Let's start with the models that are the unidirectional graphs, without any loops, they are much easier to reason about.

The basic premise is that the records need to be timestamped when they enter the model, and then processed in the order of these timestamps. The time issues tend to be highlighted in the diamond-shaped graphs, so let's start with one:

.
           input
             |
             V
        timestamper
             |
             V
           +---+
           | A |
           +---+
           /   \
          /     \
          V      V
        +---+  +---+
        | B |  | C |
        +---+  +---+
           \    /
            \  /
             V V
           +-----+
           |  D  |
           +-----+

An input record arrives, gets stamped, goes to the node (i.e. Triead, a triceps thread, but let's talk in more generic terms for now) A, where it can cause the records to be sent to nodes B and/or C. The records produced by A would have the same timestamp as the incoming record. B and C in turn may produce their own records (which again would get the same timestamp) and send them to D.

When two records with the same timestamp arrive from the same node, they have the natural queuing order, and they can be predictably processed in that order. But what if they arrive from different nodes, say B and C? The result of processing might depend on the order, which basically means that we have to define priorities between all the inputs. Here D has the inputs from B and C: one of them (say, B) would get a higher priority, and its records will be processed before the records with the same timestamp from the other input (C).

Well, that's easy to say, but what should D do when it receives a record with timestamp T from C, and nothing yet from B. For how long should it wait for something from B before it decides that it can process the record from C?

One way is to always send the timestamp metadata along each path even if there are no actual records. But this looks like a lot of unnecessary overhead. And it also has another potential issue: suppose we have two external inputs that get timestamped. The input 1 gets a lot of records for a period of time, the input 2 gets none. How often should the input 2 send its timestamp metadata even if it sends no data records? Well, maybe there is another solution.
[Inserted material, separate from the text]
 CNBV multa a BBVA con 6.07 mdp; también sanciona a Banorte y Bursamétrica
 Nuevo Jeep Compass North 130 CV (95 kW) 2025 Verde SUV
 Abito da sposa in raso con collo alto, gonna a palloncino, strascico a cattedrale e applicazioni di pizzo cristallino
Another way to resolve it would be for D to ask B, do you ever plan to send me anything with timestamp T or earlier? If not then D can safely go and process the record from C. If yes then D would have to wait for a notification from B. So the request from D to B can be asynchronous. If B is ready, it will send a timestamp metadata as a callback to D right away, if not then it will send either timestamped records or a bare timestamp later.
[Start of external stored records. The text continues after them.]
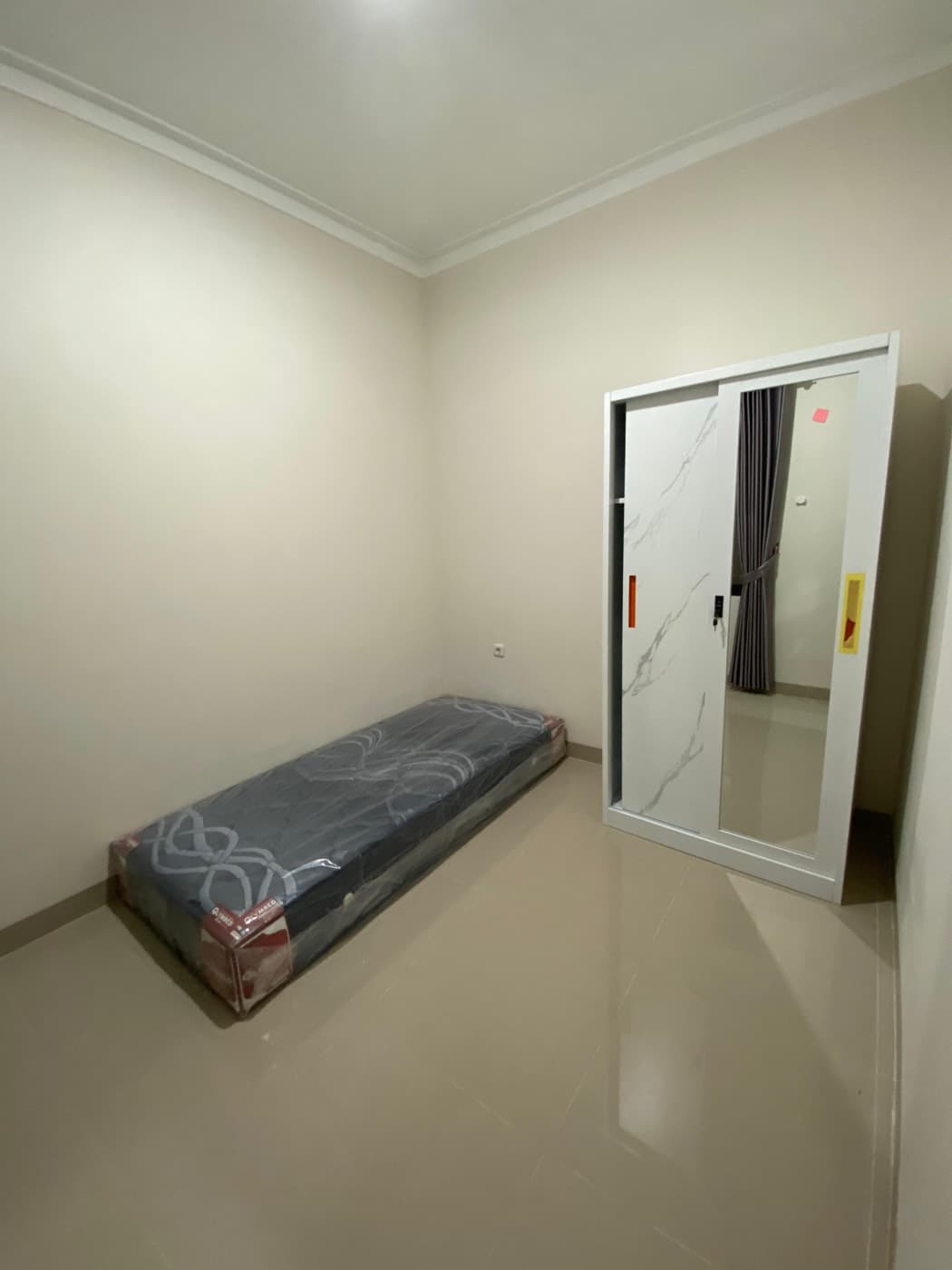 Kost 3 - 03, My Hometown Fithall Kalibata, Kost 3 - 03, tampak kamar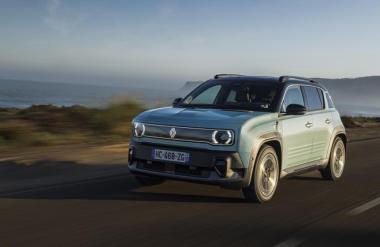 Vpričo šefa znamke Renault smo prvič vozili novi renault 4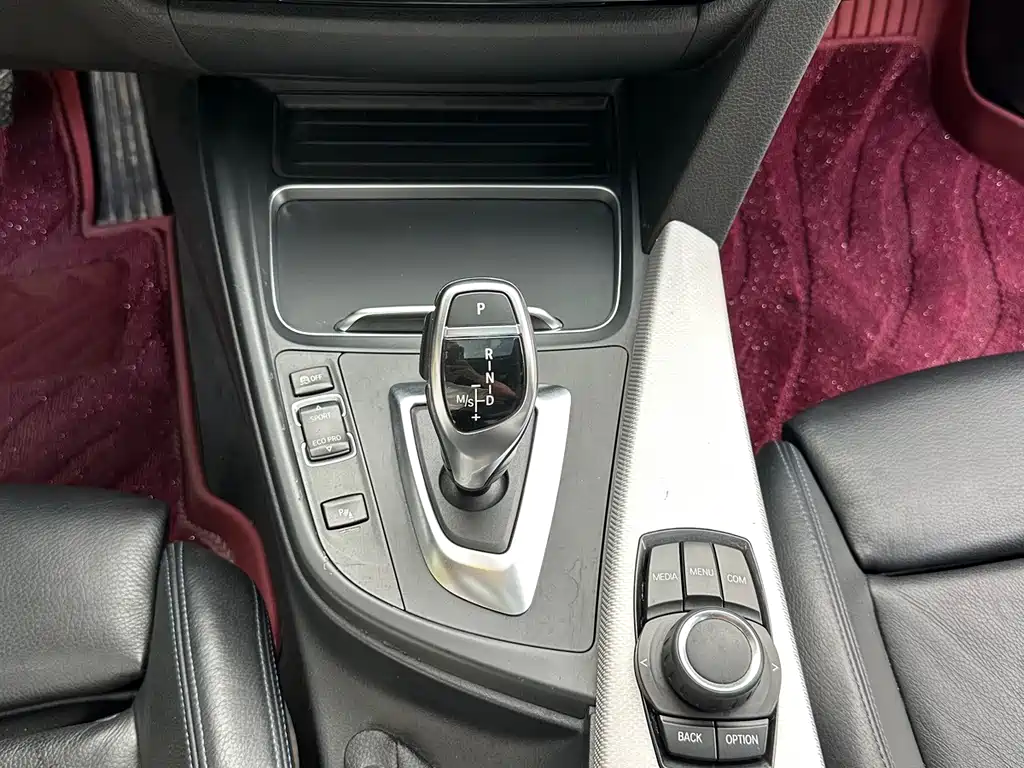 BMW 3 Series 2018 — фото 12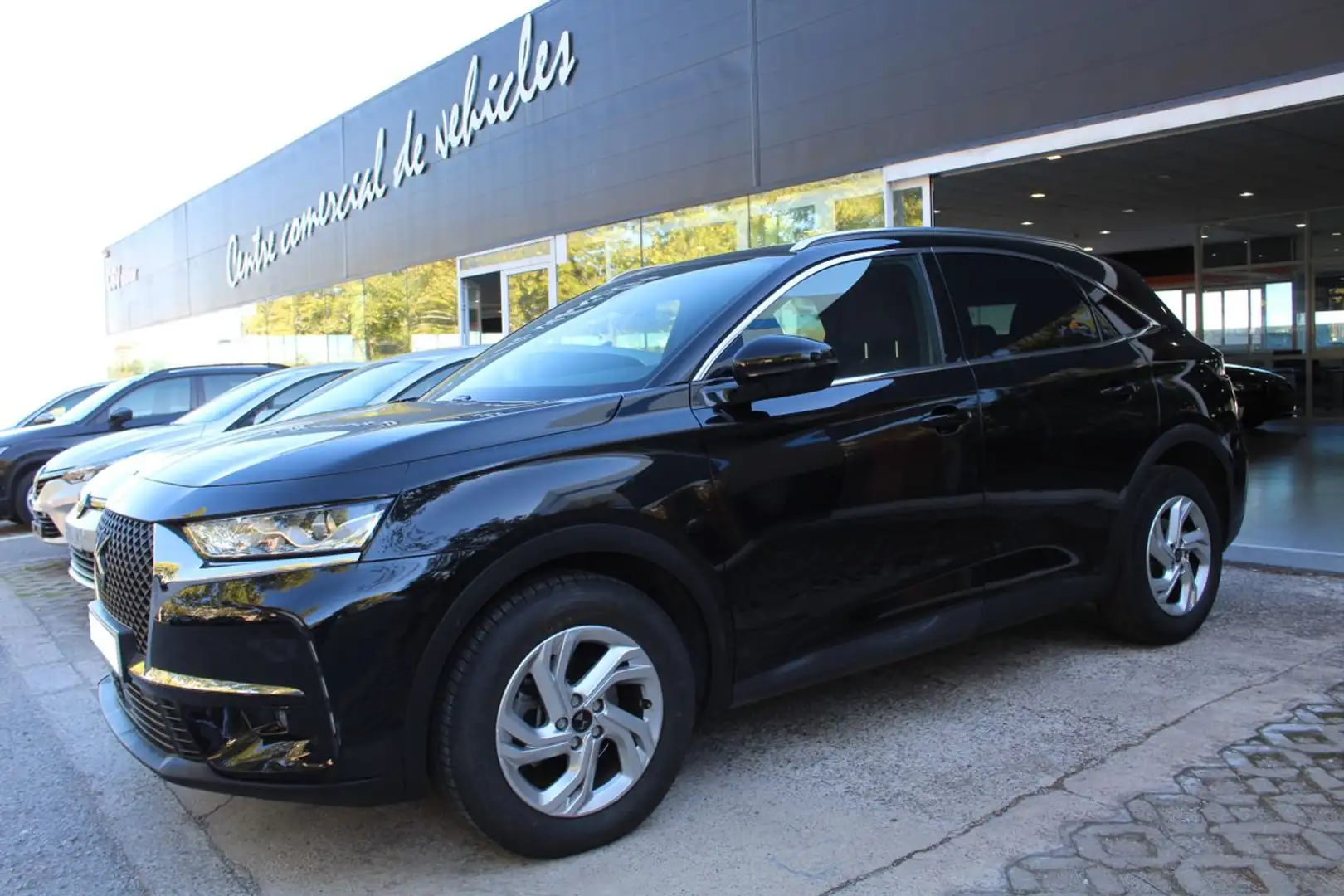 DS Automobiles DS 7 Crossback BlueHDi 96kW (130CV) BE CHIC Negro - 2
But B might not be able to answer this directly. It might have to consult A with the same question first. And A would have to consult the timestamper on its input. If A has two inputs, it would consult both timestampers.

Well, these callbacks would be very similar to just sending the timestamp metadata records all the time, and here would be additional delays involved with the requests upstream. But there are positive things too:

* It tells us, how often the inactive timestamper would get queried and send its metadata: more or less, for every record that comes in through any timestamper.
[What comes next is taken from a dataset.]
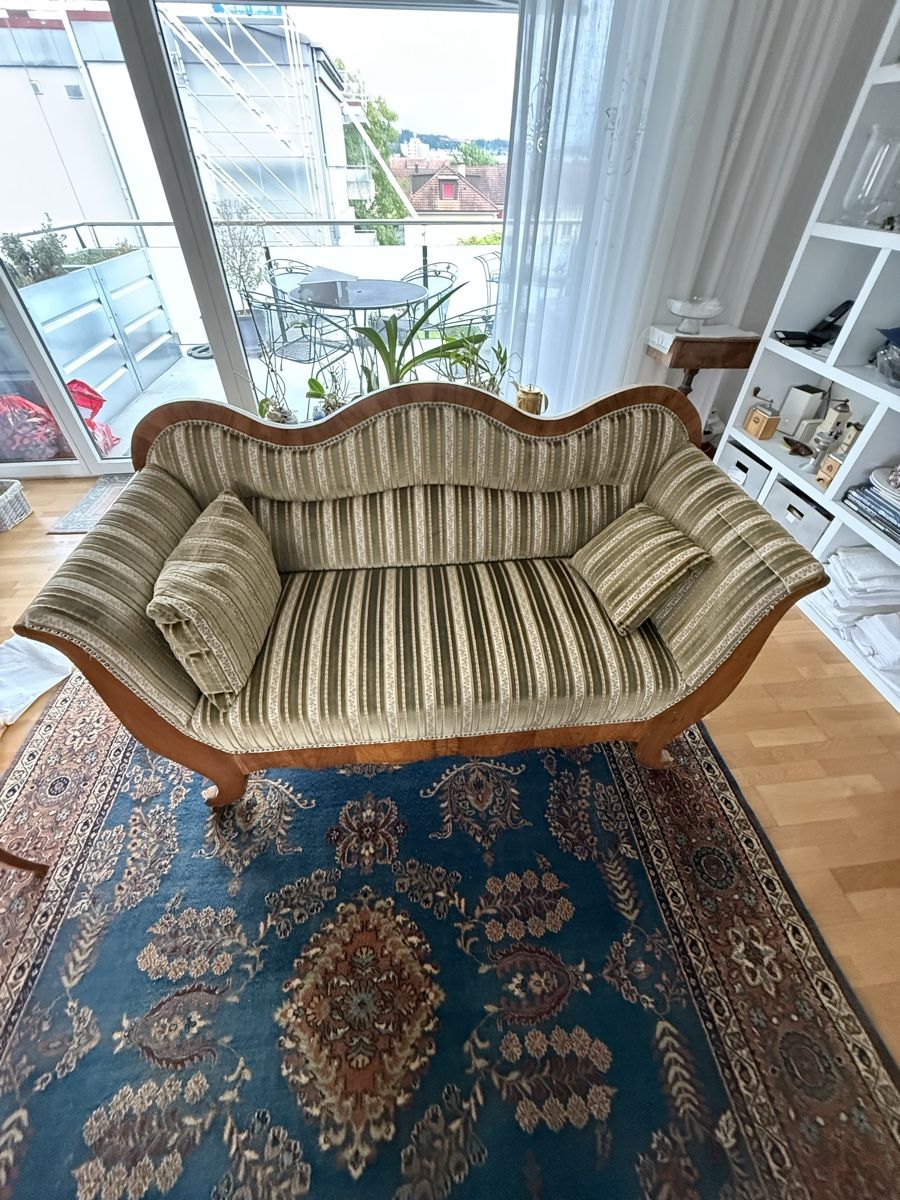 Divani: Antikes Sofa 2-Sitzer gestreift – Usato da Balterswil venduto da tadagmarsan 2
* In reality, not every node in the model would get input for every incoming record. If none of the nodes at some level produce records, the propagation would stop there and won't go farther downstream. And when the requests are sent upstream, they also would reach only to the timestampers that could send input to this node.

* The requests can be of two types: that the time T has been reached and that the time T has been passed. Because the node D prefers B over C, when gets a record from C with timestamp T, it would have to make sure that B is past T before processing that record. But if it gets a record from B with timestamp T, knowing that C is at T (and not yet past it) would be enough to start processing that record.

* The requests can be amortized. I.e. if the node D has records with timestamps T1 and T2 queued from node C, it can ask B once to send the timestamp updates until it reaches past T2. In the same way, if D asks B whether it's past T2 and B knows that it's already past a later timestamp T3, it can send the notification about T3 right away, and D will be able to use this knowledge later.

* Finally, this communication doesn't have to go through the regular queues. The more efficient data structures can be used to propagate the timestamps between the nodes. The timestamp information is cumulative: once B has notified that it had processed the input up to the timestamp T3, there is no point in keeping the information about it processing the timestamps T1 and T2, they're implied in T3.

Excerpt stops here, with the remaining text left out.